Monetary Policy is an instrument
given to the Central Bank of Nigeria (CBN) by the federal government that is,
it is a function which is a documentary policy to control the aggregate
demanded in the circulation or cost. The policy is to see to the stability in
wages and prices of goods and services. It is also necessary to control the
volume of money in circulation and to give the domestic money a value via other
controls (Akanbi and Ajagbe, 2012). It is also the control of money and bank
credit in such a way as to affect aggregate demand in a direction
that would continue to the achievement of healthy balance of payment, price
stability and job opportunity (Anyanwu 1993).
The central bank is responsible
for the conduct of monetary policy to pursue those objectives. Central banks in
the world such as the Central Bank of Nigeria (CBN) often employ certain
monetary policy instruments like Bank Rate, Open Market Operation, Changing
Reserve Requirements and other selective credit control instruments. Central
bank also determines certain targets on monetary variables. Although, some
objectives are consistent with each others, others are not, for example, the
objectives of price stability often conflicts with the objectives of interest
rate stability and high short run employment. The Central Bank of Nigeria (CBN)
over the years, have instituted various monetary policies to regulate and
develop the financial system in order to achieve major macroeconomic objectives
which often conflict and result to distortion in the economy. Although, some
monetary policy like cash reserve and capital requirements have been used to
buffer the liquidity creation process of commercial banks through deposit base
and credit facilities to the public.
Keeping an economy on track with
respect to growth, employment, and price stability is a complicated business.

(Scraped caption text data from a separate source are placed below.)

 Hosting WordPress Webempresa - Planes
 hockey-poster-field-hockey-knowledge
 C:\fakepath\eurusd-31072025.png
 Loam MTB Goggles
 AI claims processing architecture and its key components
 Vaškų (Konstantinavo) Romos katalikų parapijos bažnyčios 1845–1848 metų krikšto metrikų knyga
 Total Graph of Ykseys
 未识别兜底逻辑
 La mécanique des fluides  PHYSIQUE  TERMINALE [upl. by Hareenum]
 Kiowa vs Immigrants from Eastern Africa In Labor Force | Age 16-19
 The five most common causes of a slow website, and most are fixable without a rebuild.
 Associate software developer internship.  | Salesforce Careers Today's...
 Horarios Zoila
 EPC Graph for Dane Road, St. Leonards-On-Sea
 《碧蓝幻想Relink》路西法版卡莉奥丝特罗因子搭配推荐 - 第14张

Decisions of business leaders, labour leaders, and government
officials, as well as the whims of
nature and
chance, all impact on the stability and efficiency of Nigeria‟s
economic activity. Monetary policy
is only one of the planks in the structure that houses our economic system, but it‟s an important
one. The job of any economy is to
transform available resources into products that are in demand, and a
well-managed money supply plays a key role in making sure that this job is done
smoothly.
The banking industries in any
economy in the world are the most important sector because of their ability to
mobilize funds from the savings to the deficit sector of the economy. They
mobilize the largest amount of fund because of their ability to accept deposits
of any kind from the public, government and its agencies as well as create
credit through granting of loans, overdraft and project financing which are all
element needs for economic performance to enhance economic growth and
development (Onoh, 2002).
The role of the banking industry
in development process cannot be over-emphasized as they play so many
functions. The most important banking industry in Nigeria is the commercial
banks. Commercial Banks are the front-line troops when it comes to implementing
monetary policy. Because of this connection, they as a group are influenced
heavily by the actions
of the nation‟s monetary policy makers. In
order to make profit, commercial banks invest customer
deposits in various short term and long term investment outlet, however core of
such deposits are used for loans. Hence, the more loans and advances they
extend to borrowers, the more the profit they make (Solomon, 2012).
Okpara (2009) added that banks in
most economies are the principal depositories of the public's financial
savings, the nerve centre of the payment system, the vessel endowed with the
ability of money creation and allocation of financial resources and conduit
through which monetary and credit policies are implemented. According to
Okpara, the success of monetary policy, to a large extent, depends on the
health of the banking institutions through which the policies are implemented.
As a result of this central role of banks in the economy, their activities have
to be kept under surveillance to ensure that they operate within the law in
line with safe and sound banking practices so that the economy will not be
jeopardized. Hence, governments generally legislate to influence
and/or directly control banks‟ activities to suit the developmental
objectives
of the economy.
In Nigeria, the authority to
carryout monetary policy is vested in the Central Bank of Nigeria (CBN) through
decrees 24 and 25 1991.
These laws, which replaced
previous legislation on the matter, enjoin the CBN, under the guidance of the
federal government to promote monetary stability and a sound financial system.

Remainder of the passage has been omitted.